_To do_
Please leave out pictures and print exactly the lines from the one that has "The railway station" through the last line of the material below.

_Data below_
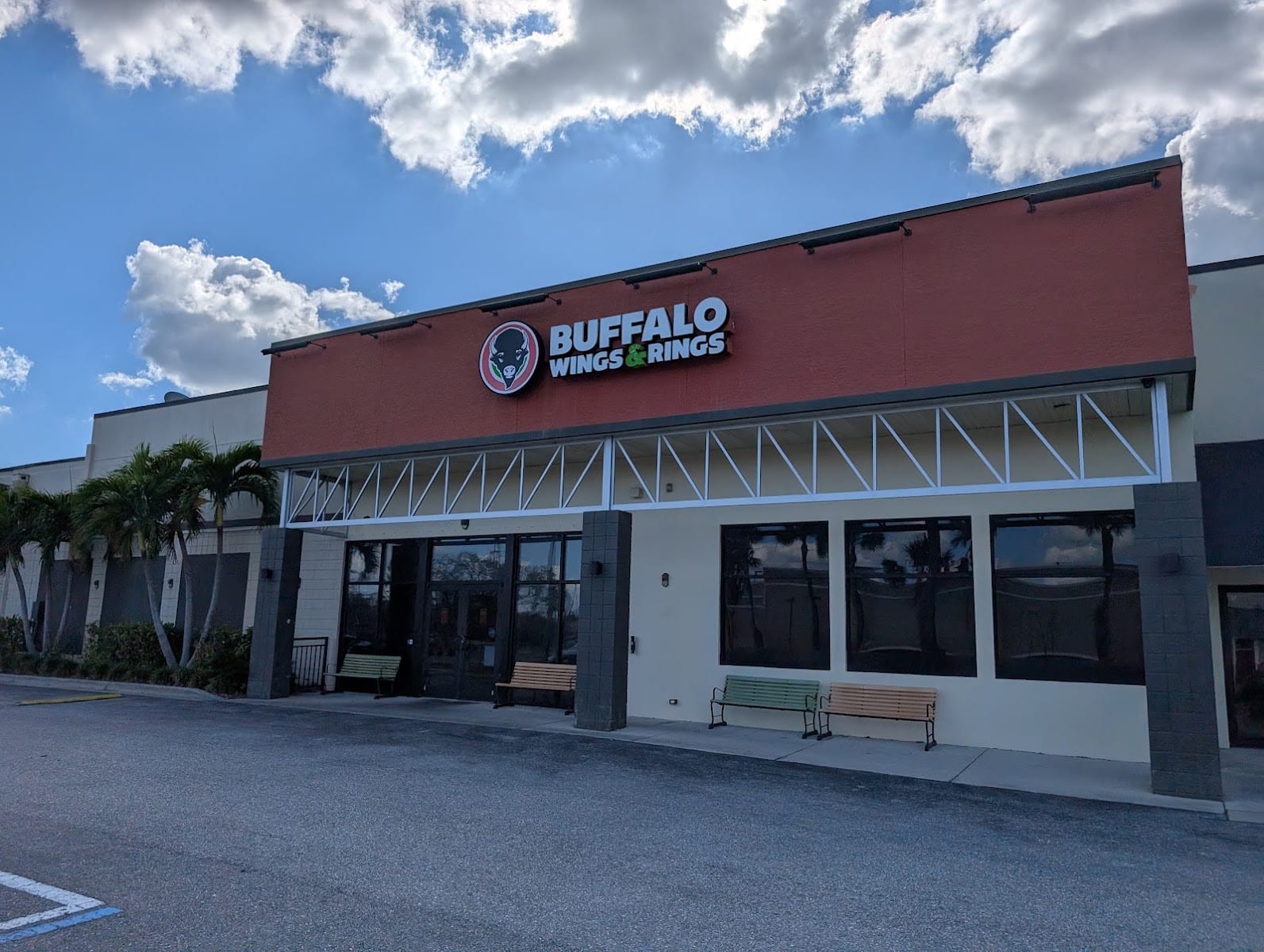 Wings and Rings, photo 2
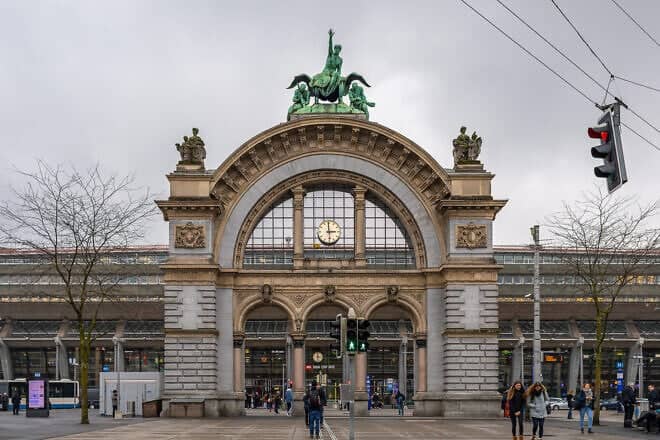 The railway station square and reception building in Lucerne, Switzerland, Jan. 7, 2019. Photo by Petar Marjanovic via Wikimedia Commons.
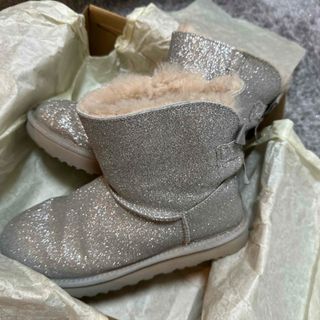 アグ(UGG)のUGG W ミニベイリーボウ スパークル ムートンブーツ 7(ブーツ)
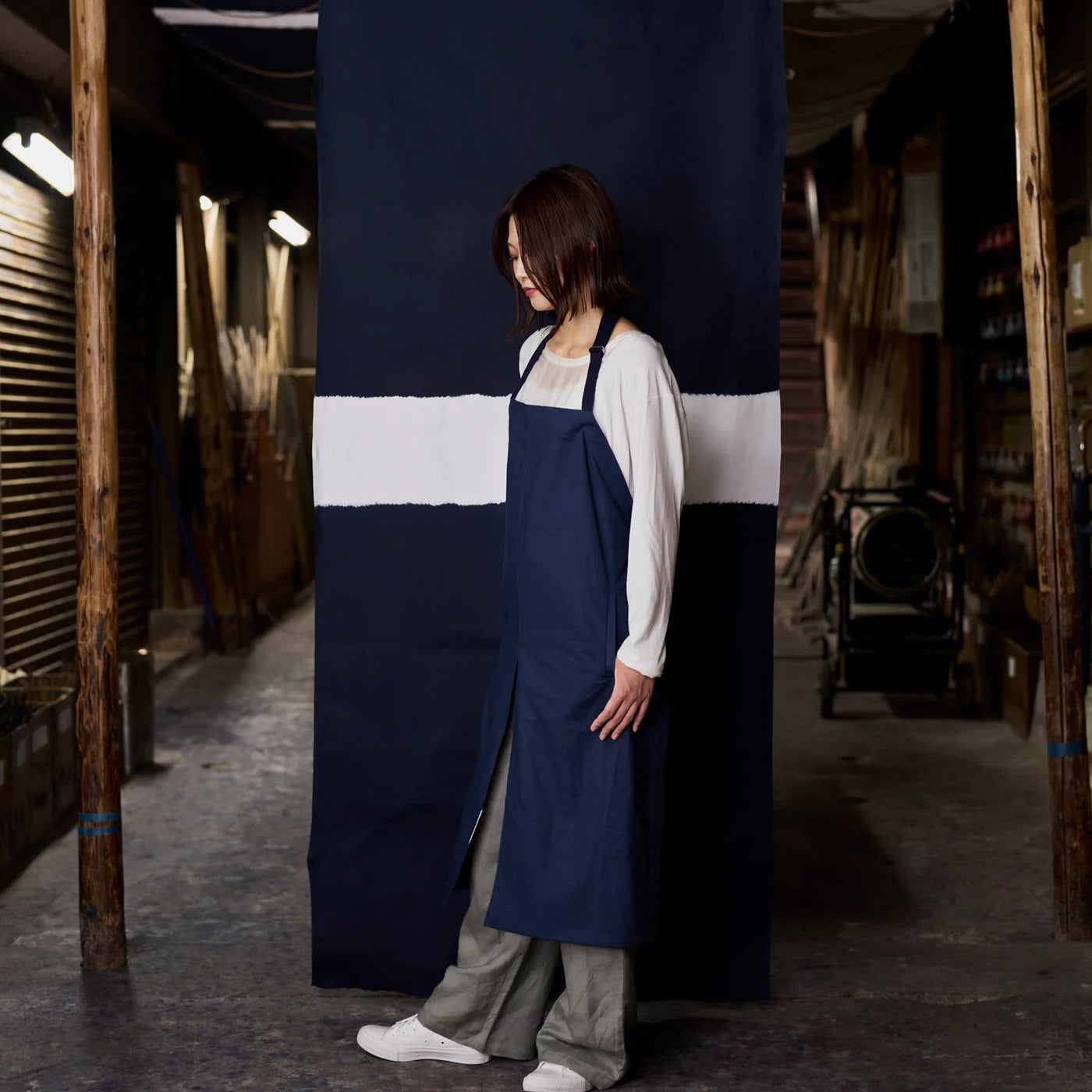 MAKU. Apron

_Written answer_
 The railway station square and reception building in Lucerne, Switzerland, Jan. 7, 2019. Photo by Petar Marjanovic via Wikimedia Commons.
 アグ(UGG)のUGG W ミニベイリーボウ スパークル ムートンブーツ 7(ブーツ)
 MAKU. Apron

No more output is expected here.